Economie Son chiffre d’affaires annuel est de 281 millions de francs suisses généré à plus de 50% par les activités non aéronautiques.

Mouvement Son unique piste en béton est de 3’900 mètres avec une capacité horaire de 38 mouvements d’avions et une piste gazon de 700 m.

Passagers Son terminal principal a une capacité de traitement de 12-15 millions de passagers par an à terme.
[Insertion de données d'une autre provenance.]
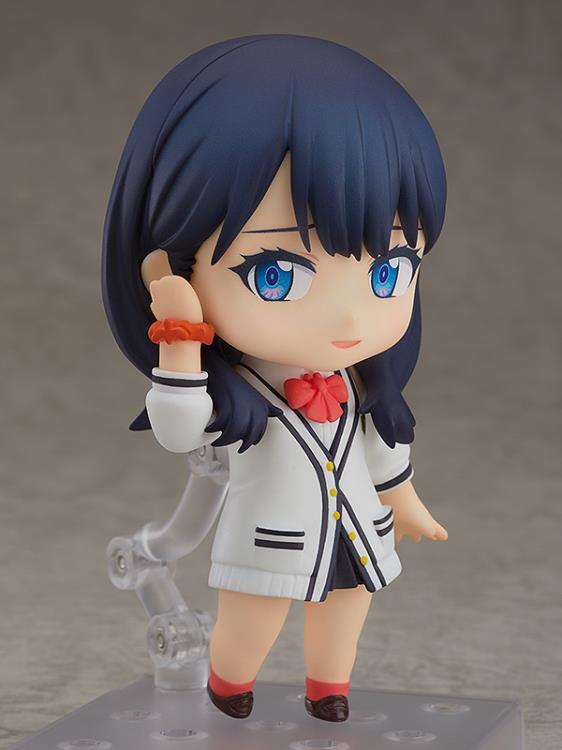 SSSS.Gridman Nendoroid No.1106 Rikka Takarada Gallery Image 5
Les prévisions de croissance du trafic passagers est de 14,5 millions d’ici 2020.

Trafic En 2008, son trafic annuel était de 11,4 millions de passagers, 190’000 mouvements et 45’000 tonnes de marchandises.

Destinations Son réseau aérien en vols directs dessert une centaine de destinations (dont des liaisons fréquentes vers l’Afrique, le Moyen-Orient et l’Amérique du Nord et l’Asie).

Compagnie Une cinquantaine de compagnies de ligne opére plus de 1’000 départs par semaine et une centaine de compagnies charters.

Habitants La zone de chalandise est à cheval sur trois pays (Suisse, France et Italie) et dotée d’une population de 6 millions d’habitants vivant à moins de 120 minutes de l’Aéroport.

Aéroport urbain Cointrin est à 5 km du centre-ville de Genève.

Source: aéroport de Genève

Le 29 novembre prochain, les Suisses sont appelés à voter sur une révision de la constitution prévoyant une redistribution des quelque 60 millions de francs que rapporte la taxe sur le kérosène.

Selon les partisans, l’attribution du produit de la taxe sur le kérosène au transport aérien assurera davantage de sécurité, réduira le bruit et renforcera les aéroports régionaux.

Parmi les opposants, les Verts refusent de continuer à subventionner un trafic aérien dommageable pour l’environnement. Dès lors qu’on prélève un impôt sur le kérosène, autant que son revenu serve à couvrir pleinement les coûts environnementaux du trafic aérien selon le principe du pollueur-payeur, juge le parti.